Duke University Medical Center to Hold Meeting on Chiari Malformation
About 175 patients and families from across the nation will meet at Duke University Medical Center on July 30-Aug. 1 to hear about the latest research and treatments for a rare defect called Chiari malformation. (See accompanying backgrounder).
The disorder occurs when a part of the base of the brain invades the spinal column. It is often associated with syringomyelia, a fluid-filled cyst in the spine. People with the disorder can have extreme pain, headaches, and even paralysis, but are frequently misdiagnosed as having psychological problems. Nationally, at least 21,000 people have the disorder, but many thousands may continue to go undiagnosed.

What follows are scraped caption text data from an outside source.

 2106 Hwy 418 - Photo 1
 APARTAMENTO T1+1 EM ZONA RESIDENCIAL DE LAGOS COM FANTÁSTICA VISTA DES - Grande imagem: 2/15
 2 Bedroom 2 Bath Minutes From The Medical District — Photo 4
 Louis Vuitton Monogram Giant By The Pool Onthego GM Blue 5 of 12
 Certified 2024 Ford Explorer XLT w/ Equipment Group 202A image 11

Duke researchers and the American Syringomyelia Alliance Project (ASAP) are collaborating to find out if the disorder is genetic, and are seeking patients and families to participate in the study. Several Duke physicians and researchers will speak at the meeting, which will be open to news media, but not the general public.
Items of potential interest include:
Thursday, July 30, 10:00-11:45 am, Marcy Speer, Ph.D., and Chantelle Wolpert, genetic counselor, Duke University Medical Center, will talk about the genetics study being conducted at Duke.
Available for interviews: Candace Morse of Raleigh, ASAP board member, born with syringomyelia, and Don White, Longview, Texas, president of ASAP. In addition, local patients and families have agreed to be interviewed by reporters before or during the conference.